Task -> Reproduce the records exactly, beginning with their first line and ending with the line that contains "- 冰淇淋T-Shirt ♪", and output nothing more.

Record excerpts ->
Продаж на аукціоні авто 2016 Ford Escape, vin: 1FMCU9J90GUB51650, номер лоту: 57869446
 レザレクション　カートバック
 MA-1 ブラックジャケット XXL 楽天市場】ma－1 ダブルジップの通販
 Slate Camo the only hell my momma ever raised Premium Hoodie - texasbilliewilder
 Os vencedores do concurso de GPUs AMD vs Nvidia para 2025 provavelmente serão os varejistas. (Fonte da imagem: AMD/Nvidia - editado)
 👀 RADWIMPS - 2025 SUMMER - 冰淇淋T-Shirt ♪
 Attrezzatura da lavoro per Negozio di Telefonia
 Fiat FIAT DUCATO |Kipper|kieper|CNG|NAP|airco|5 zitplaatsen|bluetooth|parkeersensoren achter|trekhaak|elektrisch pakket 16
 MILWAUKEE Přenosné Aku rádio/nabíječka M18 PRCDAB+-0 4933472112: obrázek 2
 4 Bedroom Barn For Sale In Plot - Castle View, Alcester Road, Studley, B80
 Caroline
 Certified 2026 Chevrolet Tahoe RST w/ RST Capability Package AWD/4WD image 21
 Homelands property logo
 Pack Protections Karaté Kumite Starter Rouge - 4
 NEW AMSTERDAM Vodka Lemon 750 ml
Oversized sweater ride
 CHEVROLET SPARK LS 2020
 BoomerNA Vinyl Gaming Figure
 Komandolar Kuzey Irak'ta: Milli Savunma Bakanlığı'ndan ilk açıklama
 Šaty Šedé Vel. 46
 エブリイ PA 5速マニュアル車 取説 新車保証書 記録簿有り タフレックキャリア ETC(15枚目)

Task output ->
Продаж на аукціоні авто 2016 Ford Escape, vin: 1FMCU9J90GUB51650, номер лоту: 57869446
 レザレクション　カートバック
 MA-1 ブラックジャケット XXL 楽天市場】ma－1 ダブルジップの通販
 Slate Camo the only hell my momma ever raised Premium Hoodie - texasbilliewilder
 Os vencedores do concurso de GPUs AMD vs Nvidia para 2025 provavelmente serão os varejistas. (Fonte da imagem: AMD/Nvidia - editado)
 👀 RADWIMPS - 2025 SUMMER - 冰淇淋T-Shirt ♪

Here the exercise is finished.